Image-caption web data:
>>>>>

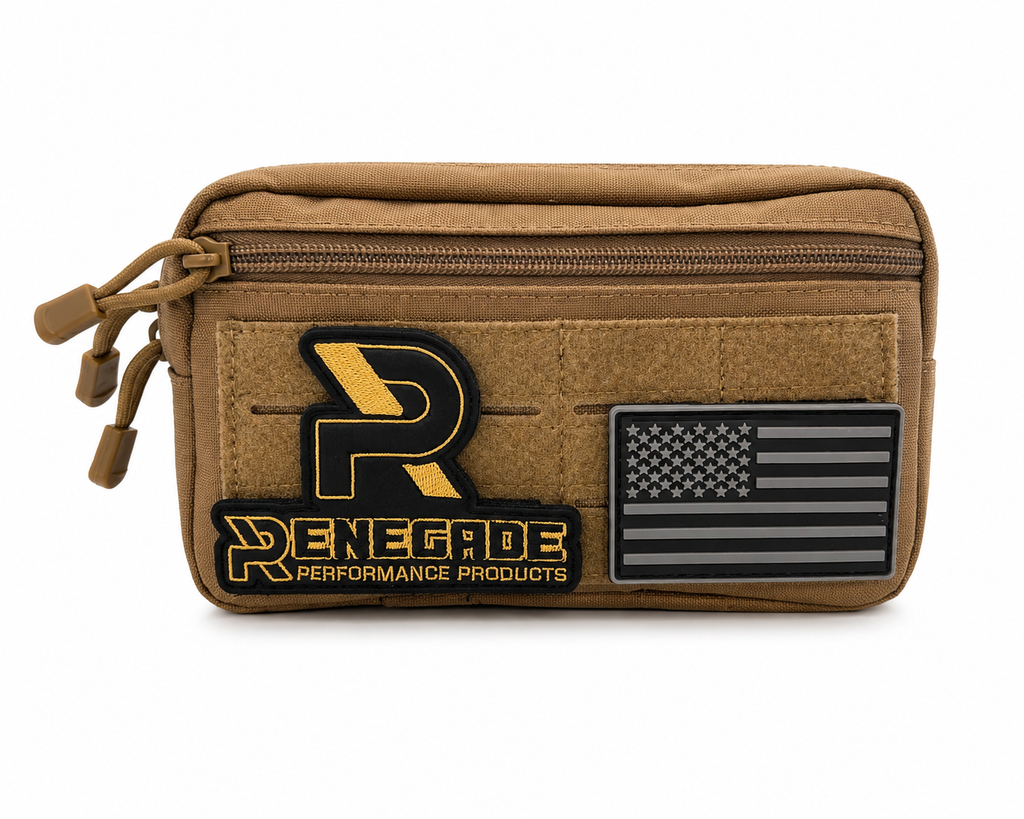 Renegade Drivetrain First Aid Kit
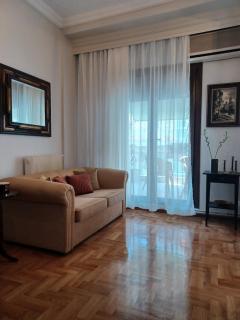 Alma Libre Urban Apartment - Tesalónica - 1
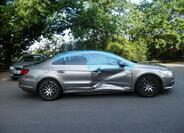 Volkswagen Passat CC 31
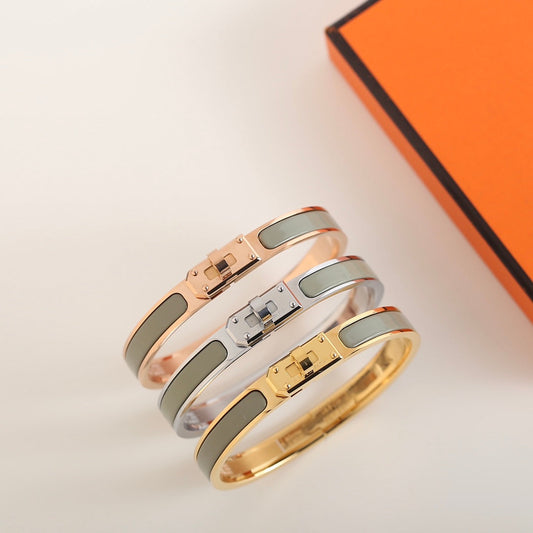 [Everoly JW]HM KELLY BLUE GREEN BRACELET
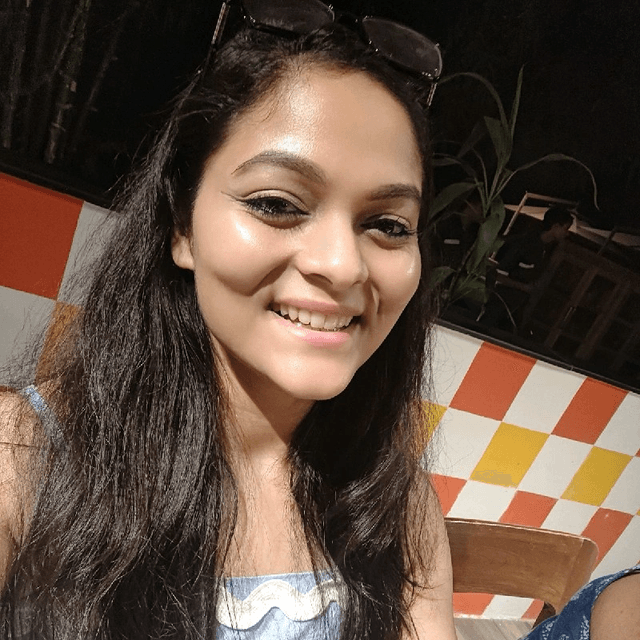 Vidusha Singh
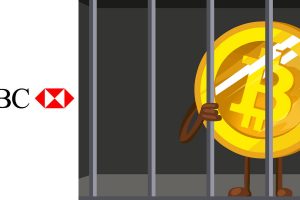 HSBC bloque les plateformes d’échange de cryptomonnaies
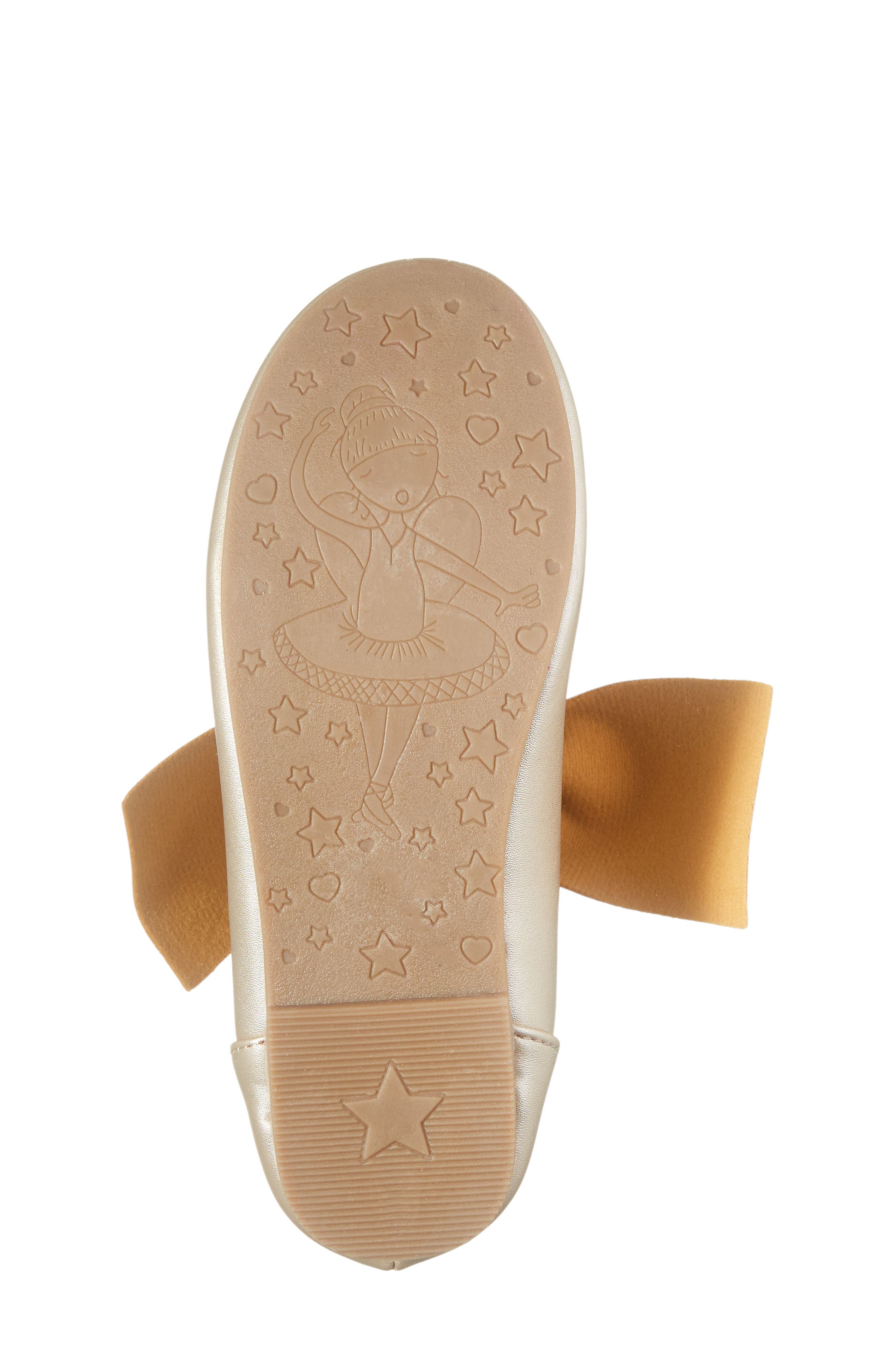 Kids' Mary Jane, Alternate, color, GOLD
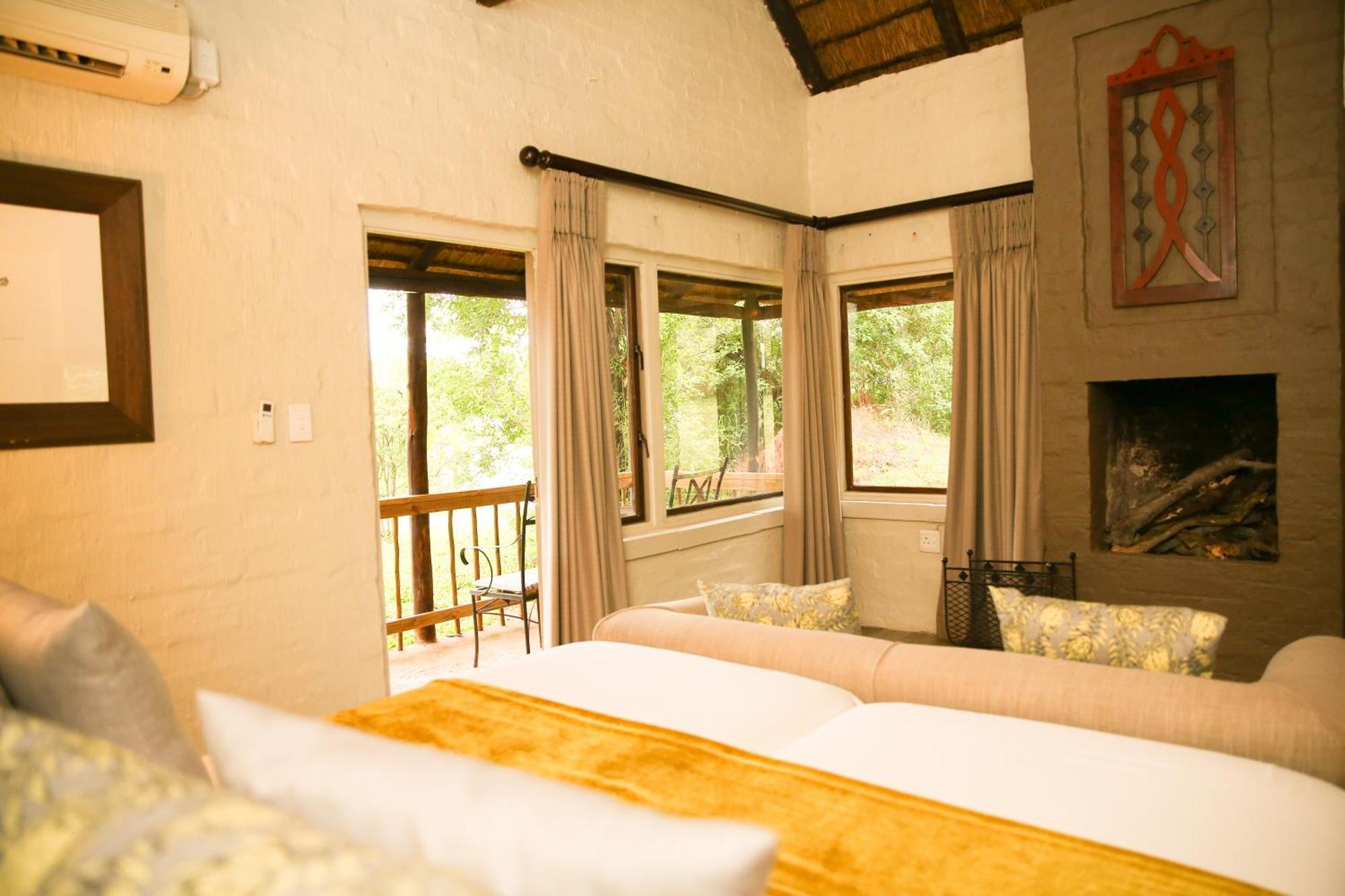 Entabeni Mountain Lodges Golders Green Buitenkant foto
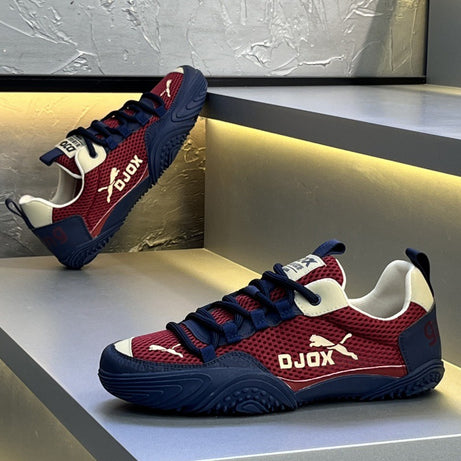 Men's Mesh Breathable Casual Shoes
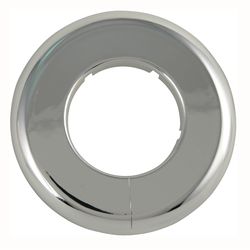 Plumb Pak Plastic Floor/Ceiling Plate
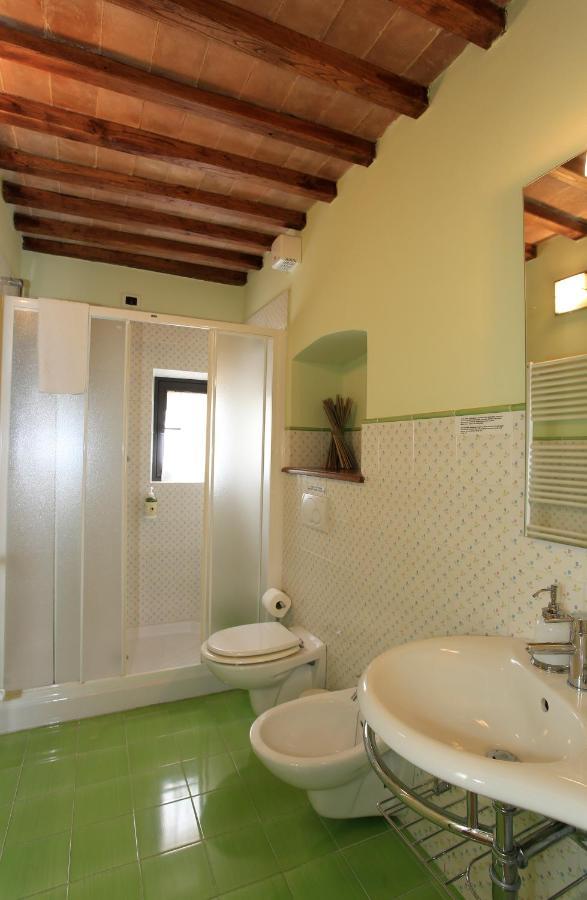 Palazzo Mari Hotel San Gimignano Kültér fotó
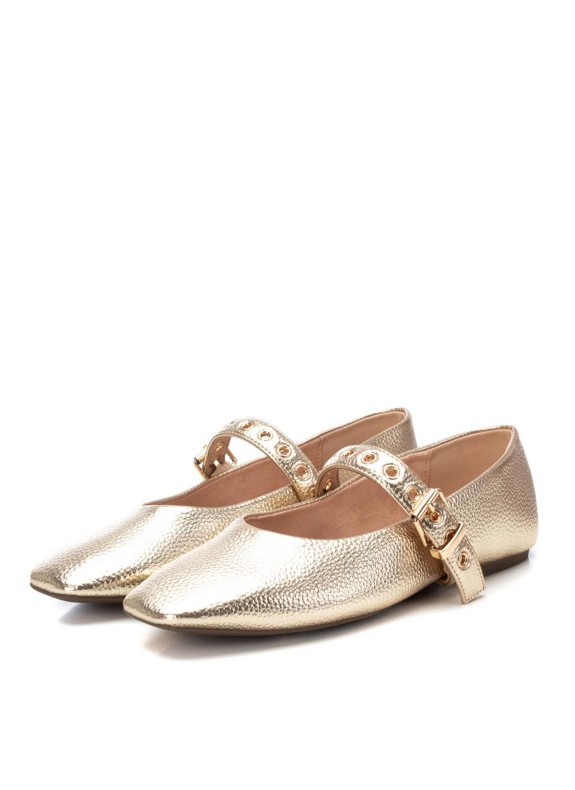 Zapato Xti 14402102 oro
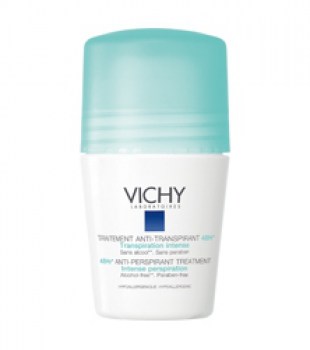 VICHY ANTITRANSPIRANTE 48 H PIEL INTENSO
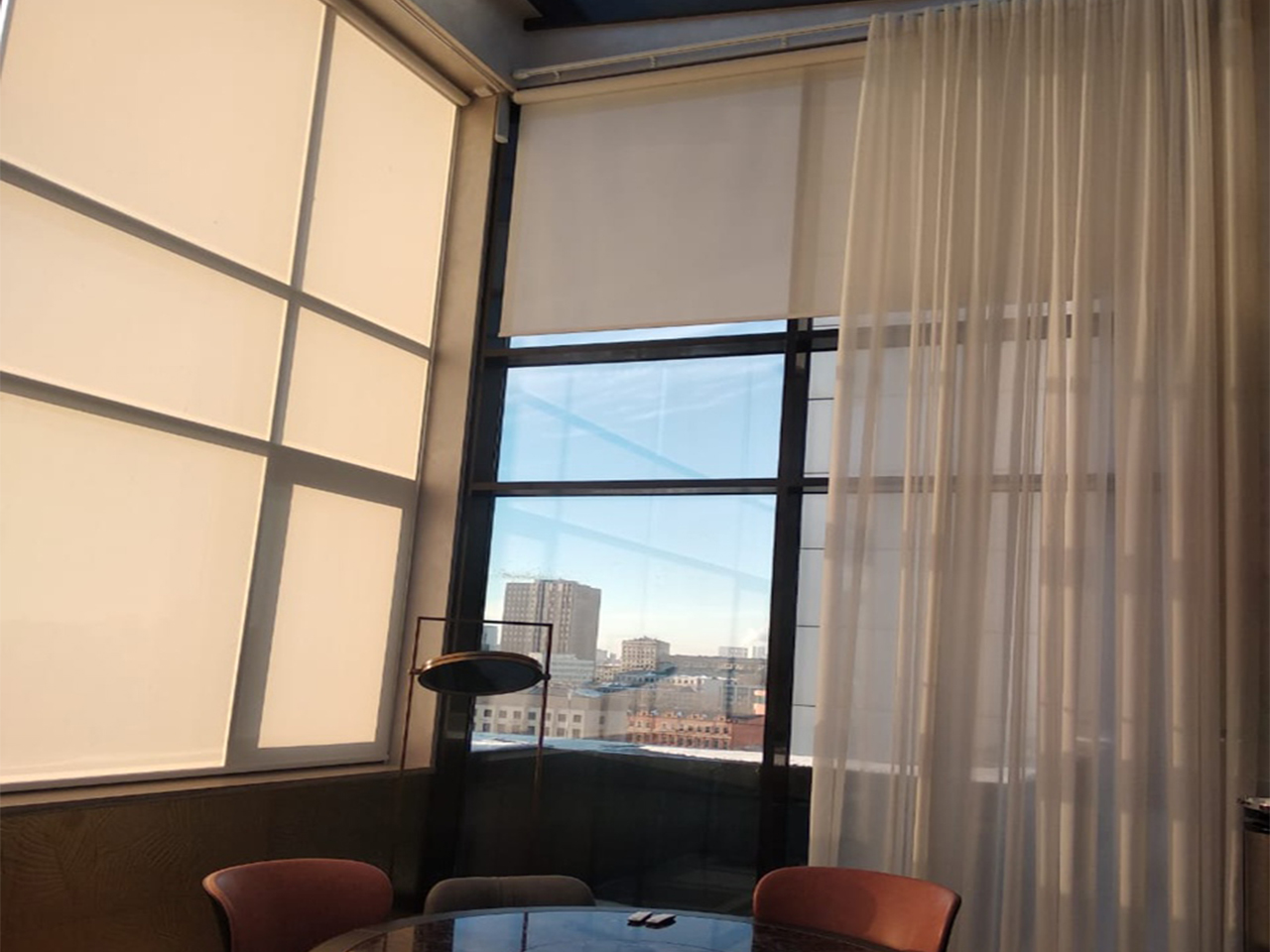 New York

<<<<<

• PROBLEM STATEMENT
What you return must match the records above exactly, minus any images.

• FINISHED TASK
 Renegade Drivetrain First Aid Kit
 Alma Libre Urban Apartment - Tesalónica - 1
 Volkswagen Passat CC 31
 [Everoly JW]HM KELLY BLUE GREEN BRACELET
 Vidusha Singh
 HSBC bloque les plateformes d’échange de cryptomonnaies
 Kids' Mary Jane, Alternate, color, GOLD
 Entabeni Mountain Lodges Golders Green Buitenkant foto
 Men's Mesh Breathable Casual Shoes
 Plumb Pak Plastic Floor/Ceiling Plate
 Palazzo Mari Hotel San Gimignano Kültér fotó
 Zapato Xti 14402102 oro
 VICHY ANTITRANSPIRANTE 48 H PIEL INTENSO
 New York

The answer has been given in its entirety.